At the time, Vallance was primarily known as a songwriter, having written most frequently (and successfully) with Bryan Adams (who can be heard providing background vocals towards the end of this song). He also had some previous production experience, having produced one album apiece for Adams, Doug and the Slugs and CANO in the early 1980s. The band's lead vocalist Alan Frew recalled: "It worked out great because we were all at the same stage of development. He didn't change the sound of the band at all. He let us experiment but wasn't afraid to get heavy-handed when he had to." Vallance composed "Don't Forget Me (When I'm Gone)" with the band, while Adams provided backing vocals. Frew - "On the very first day that we met Jim Vallance, he picked us up at the airport and to break the ice asked us what we were listening to. One was Tears for Fears. We went to his house and drank tea and listened to some tunes. 'Everybody Wants to Rule the World' came on and we really liked the shuffle beat. So we went into the studio and based on this shuffle beat, we wrote 'Don't Forget Me (When I'm Gone)'. First day, first song."

== Composition ==
The track runs at 110 BPM and is in the key of A major. It runs at four minutes and eight seconds in the album version. Frew's vocals span from E_{3} to G_{4}.

==Release and reception==
"Don't Forget Me (When I'm Gone)" topped the Canadian RPM Top 100 in March 1986, and spent two weeks at number 1.
The single was certified platinum by the Canadian Recording Industry Association in July.
The song reached number 2 on the Billboard Hot 100,
number 1 on the Singles Sales chart and number 6 on the Hot 100 Airplay chart.
The song also peaked at number 3 on the Cash Box Top 100 chart, 17 on the Mainstream Rock chart, number 30 on the Adult Contemporary chart.
At the end of 1986, the song placed at number 34 on Billboard and number 50 on the Cash Box year end singles chart.
The single reached the top 10 in Australia, number 27 in New Zealand, number 29 in the United Kingdom, and number 40 in the Netherlands.

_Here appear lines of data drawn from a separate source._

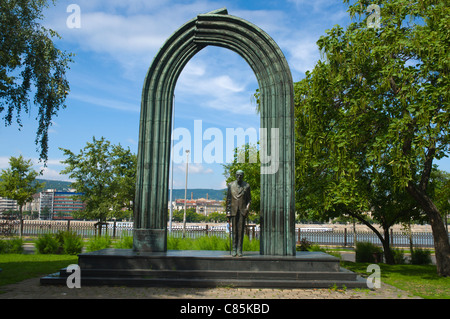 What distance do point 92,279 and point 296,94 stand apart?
10117mm

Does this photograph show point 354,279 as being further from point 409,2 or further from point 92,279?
point 409,2

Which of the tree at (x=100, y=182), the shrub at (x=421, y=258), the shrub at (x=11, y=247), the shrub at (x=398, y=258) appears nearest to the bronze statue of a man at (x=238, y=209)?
the shrub at (x=398, y=258)

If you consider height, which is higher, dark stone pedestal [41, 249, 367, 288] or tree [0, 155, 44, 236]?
tree [0, 155, 44, 236]

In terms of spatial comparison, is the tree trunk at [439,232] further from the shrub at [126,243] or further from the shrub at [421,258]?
the shrub at [126,243]

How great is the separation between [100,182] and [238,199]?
22.7m

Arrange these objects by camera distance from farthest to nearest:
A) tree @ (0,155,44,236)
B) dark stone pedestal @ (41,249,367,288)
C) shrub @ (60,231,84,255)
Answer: tree @ (0,155,44,236) < shrub @ (60,231,84,255) < dark stone pedestal @ (41,249,367,288)

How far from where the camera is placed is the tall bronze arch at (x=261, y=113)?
34.1 feet

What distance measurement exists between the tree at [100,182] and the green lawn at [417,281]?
2039cm

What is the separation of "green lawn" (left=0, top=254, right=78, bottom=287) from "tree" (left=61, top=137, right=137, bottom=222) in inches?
523

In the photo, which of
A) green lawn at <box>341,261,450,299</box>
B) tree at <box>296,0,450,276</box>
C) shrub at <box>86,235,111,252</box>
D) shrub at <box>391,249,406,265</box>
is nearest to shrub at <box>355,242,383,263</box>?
shrub at <box>391,249,406,265</box>

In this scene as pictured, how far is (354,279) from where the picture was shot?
9.21 metres

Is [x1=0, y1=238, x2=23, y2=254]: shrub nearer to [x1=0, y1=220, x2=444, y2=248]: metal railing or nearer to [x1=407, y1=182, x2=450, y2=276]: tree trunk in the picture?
[x1=0, y1=220, x2=444, y2=248]: metal railing

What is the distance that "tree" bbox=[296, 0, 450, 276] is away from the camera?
35.5ft

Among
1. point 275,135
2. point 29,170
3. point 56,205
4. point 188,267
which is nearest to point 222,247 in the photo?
point 188,267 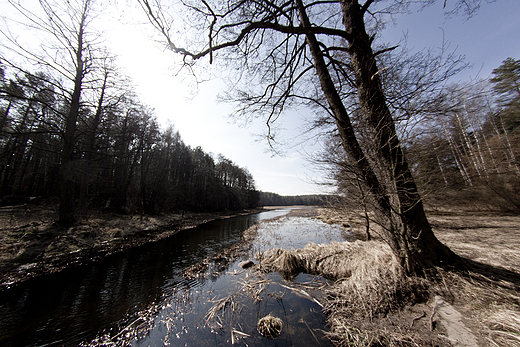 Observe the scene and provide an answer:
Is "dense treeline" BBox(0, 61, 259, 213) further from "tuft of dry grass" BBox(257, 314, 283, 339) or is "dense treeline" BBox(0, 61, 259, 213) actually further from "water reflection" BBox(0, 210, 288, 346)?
"tuft of dry grass" BBox(257, 314, 283, 339)

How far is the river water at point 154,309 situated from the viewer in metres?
3.12

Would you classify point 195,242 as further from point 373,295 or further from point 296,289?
point 373,295

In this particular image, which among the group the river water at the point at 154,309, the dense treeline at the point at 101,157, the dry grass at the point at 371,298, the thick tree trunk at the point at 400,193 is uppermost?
the dense treeline at the point at 101,157

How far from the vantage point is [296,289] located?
4305mm

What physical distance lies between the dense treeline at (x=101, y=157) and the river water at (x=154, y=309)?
15.8 feet

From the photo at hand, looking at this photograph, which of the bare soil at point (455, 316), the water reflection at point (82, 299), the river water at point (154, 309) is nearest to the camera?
the bare soil at point (455, 316)

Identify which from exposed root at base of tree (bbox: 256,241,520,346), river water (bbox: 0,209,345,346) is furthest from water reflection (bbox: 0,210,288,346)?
exposed root at base of tree (bbox: 256,241,520,346)

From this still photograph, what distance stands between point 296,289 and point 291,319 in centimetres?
103

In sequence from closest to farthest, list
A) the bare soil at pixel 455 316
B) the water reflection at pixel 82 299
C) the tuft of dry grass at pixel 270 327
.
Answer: the bare soil at pixel 455 316
the tuft of dry grass at pixel 270 327
the water reflection at pixel 82 299

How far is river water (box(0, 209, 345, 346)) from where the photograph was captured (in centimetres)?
312

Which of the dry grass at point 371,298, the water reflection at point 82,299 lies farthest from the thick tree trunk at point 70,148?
the dry grass at point 371,298

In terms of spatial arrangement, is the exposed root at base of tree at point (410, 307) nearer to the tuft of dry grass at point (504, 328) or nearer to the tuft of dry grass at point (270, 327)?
the tuft of dry grass at point (504, 328)

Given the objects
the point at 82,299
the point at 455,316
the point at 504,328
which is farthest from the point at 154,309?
the point at 504,328

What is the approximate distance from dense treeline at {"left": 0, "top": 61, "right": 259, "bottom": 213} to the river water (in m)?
4.83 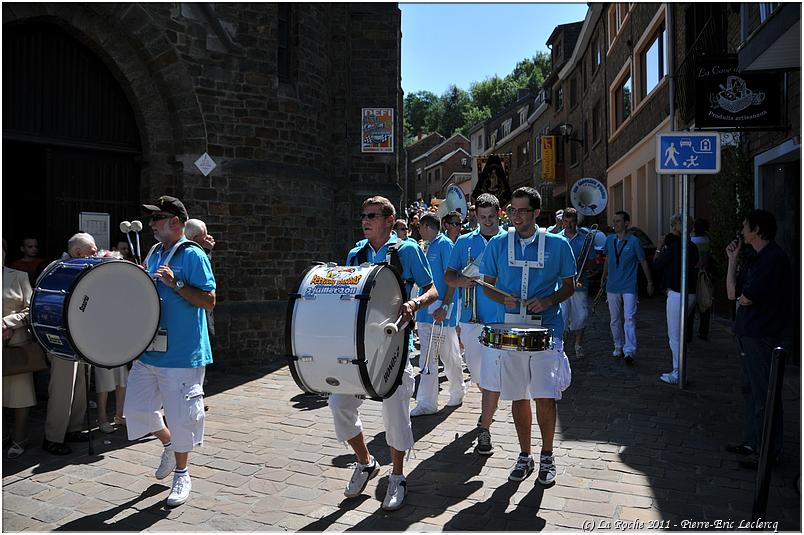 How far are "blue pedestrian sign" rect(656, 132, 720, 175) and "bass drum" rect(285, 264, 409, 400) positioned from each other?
4.40 meters

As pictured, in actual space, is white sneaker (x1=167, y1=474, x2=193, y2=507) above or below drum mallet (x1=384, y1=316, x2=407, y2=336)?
below

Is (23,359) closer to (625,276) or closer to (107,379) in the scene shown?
(107,379)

Frew credited the song's chart performance to "solid record company involvement" and the band's international appeal. "We aren't rewriting musical history by any means," he added. "But our melody lines are strong and mature enough to appeal to the English-speaking world." The song won the 1986 Juno Award for Single of the Year,
and was named top Canadian single in the Rock Express magazine readers' poll awards in 1987.
In 1996, the Society of Composers, Authors and Music Publishers of Canada honored the song for airing more than 100,000 times on Canadian radio.

==Music videos==
The song's original music video, made for the Canadian market, mixed performance footage with a storybook concept.
Directed by Rob Quartly, the video was nominated for Best Video at the Juno Awards of 1986.
This version was the first video to air on the MuchMoreRetro digital cable music video channel when it launched on September 4, 2003.
A second video was created for other markets, according to Manhattan Records Vice President of A&R Bruce Garfield. He noted that "Steven Reed, our senior vice president of marketing, took a very strong stand because the Canadian video was too cutesy and directed solely toward the youth market." Garfield added, "It didn't focus enough on the artistic integrity and entertainment aspect of the band." The newer version, which has a concert setting, received heavy rotation on MTV.

==Legacy==
Glass Tiger performed the song during an episode of the 2005 NBC reality television program Hit Me, Baby, One More Time.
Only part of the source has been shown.